Image-text web data
== Segment start ==

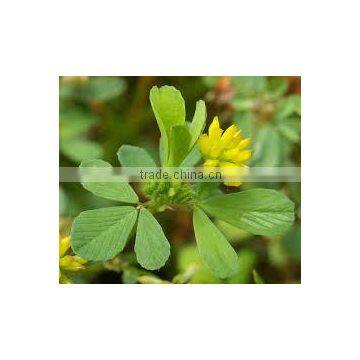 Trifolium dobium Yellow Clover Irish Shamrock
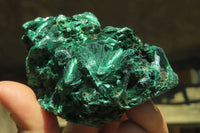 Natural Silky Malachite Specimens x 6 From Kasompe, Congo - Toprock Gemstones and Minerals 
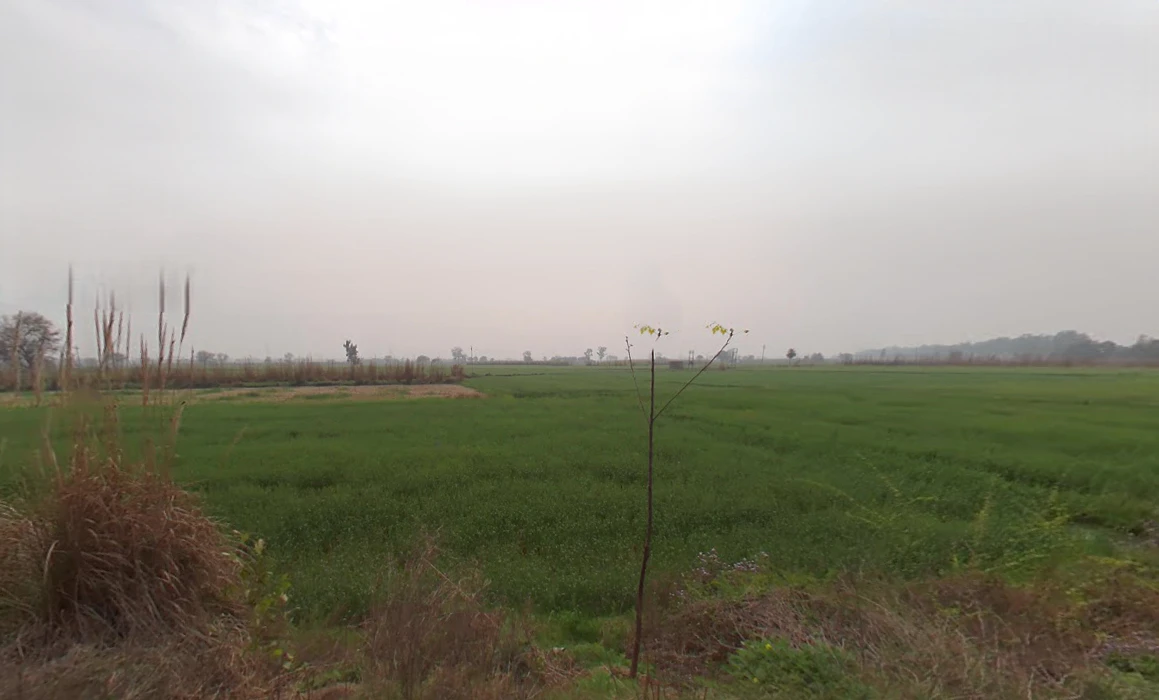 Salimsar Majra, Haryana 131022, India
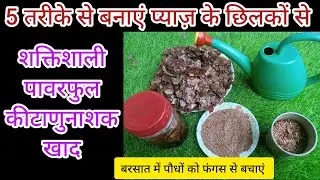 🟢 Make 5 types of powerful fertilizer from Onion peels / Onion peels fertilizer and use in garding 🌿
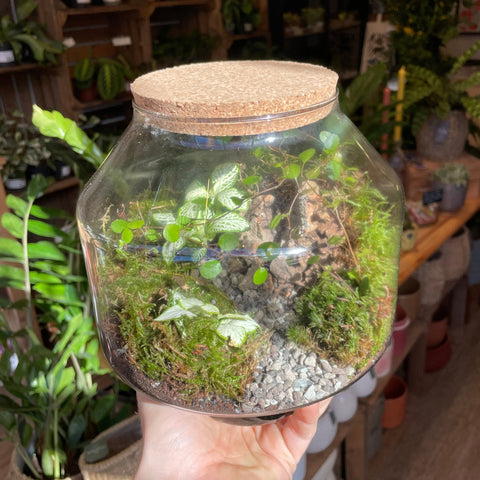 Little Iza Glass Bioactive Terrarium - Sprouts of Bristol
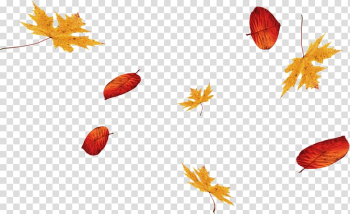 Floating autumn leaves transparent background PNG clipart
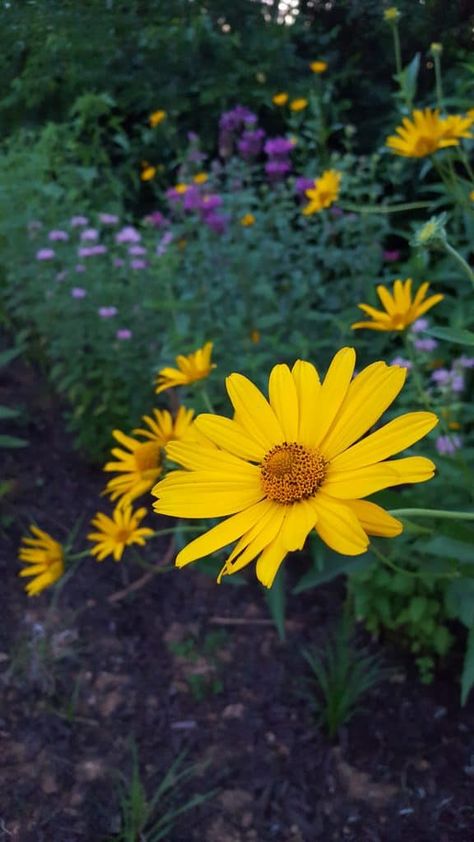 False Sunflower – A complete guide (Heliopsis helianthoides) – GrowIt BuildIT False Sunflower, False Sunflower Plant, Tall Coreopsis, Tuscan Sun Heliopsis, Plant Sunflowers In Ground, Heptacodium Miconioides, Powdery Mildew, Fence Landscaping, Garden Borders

== Segment end ==

Restate word for word the lines starting at the one that contains "Salimsar Majra, Haryana 131022, India" and ending at the last line of the data. Skip every picture.

- [Response to the exercise]
 Salimsar Majra, Haryana 131022, India
 🟢 Make 5 types of powerful fertilizer from Onion peels / Onion peels fertilizer and use in garding 🌿
 Little Iza Glass Bioactive Terrarium - Sprouts of Bristol
 Floating autumn leaves transparent background PNG clipart
 False Sunflower – A complete guide (Heliopsis helianthoides) – GrowIt BuildIT False Sunflower, False Sunflower Plant, Tall Coreopsis, Tuscan Sun Heliopsis, Plant Sunflowers In Ground, Heptacodium Miconioides, Powdery Mildew, Fence Landscaping, Garden Borders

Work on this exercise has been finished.